Bedrock exposures of mineralised quartz veins are generally extensively leached with only minor visible sulphide and the development of limonite coated vughs after weathered sulphides. The auriferous quartz veins contain approximately 2-3% sulphide but vary locally from being barren to having more than 10% modal sulphide abundance. Sulphide abundance and types vary from prospect to prospect within the Knapdale Property, but generally, the most common sulphides include pyrite, galena and chalcopyrite. Chalcopyrite is dominant at Allt Dearg prospect with some samples having >10% Cu. Sphalerite is restricted to the vicinity of the old Stronchullin mine. Pyrite is very abundant in the southern portions of the Stronchullin vein system being the dominant sulphide with minor chalcopyrite and galena and is related to the highest reported grade 230 g/t Au in sample RC844459. The Au-Ag-Cu mineralisation is characterized by high levels of lead, zinc, arsenic and antimony with elevated gold/silver ratios. Bismuth is characteristic of Allt Dearg prospect and southern part of Stronchullin vein.
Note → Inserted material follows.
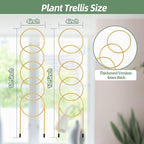 17.5 Inch Indoor Plant Trellis for Climbing Plants, Metal Trellis, Small Garden - Image 2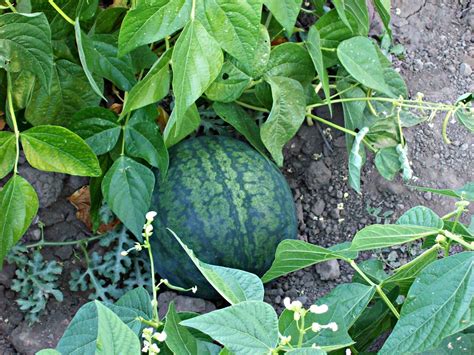 red or green?: Watermelon, Corn & Jalapeno Salad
The auriferous veins can exhibit considerable variation in grade along strike and in the sub-surface and are believed to record a complex history of repeated fluid mobilization along the ore-controlling structures that result in multiple phases of brecciation, recrystallisation and veining. The gold-silver quartz veins occur within upper greenschist facies conditions during the Grampian event of the Caledonian Orogeny and are outboard of the garnet isograd and structurally overlie the pyrite horizon.
Stratiform, disseminated pyrite mineralisation, such as at Gossan Burn (Ormsary North sub-property), typically comprise copper mineralisation (plus cobalt and silver and minor lead-zinc) in intensely hematitesilica-altered sericite schist host rocks with chalcocite, chalcopyrite, malachite, and very rare azurite (locally chalcanthite after chalcocite). At Meall Mór–Abhainn Strathainn, the Erins Quartzite Formation, comprises a pyritic zone with coarse, blebby chalcopyrite and other sulphide.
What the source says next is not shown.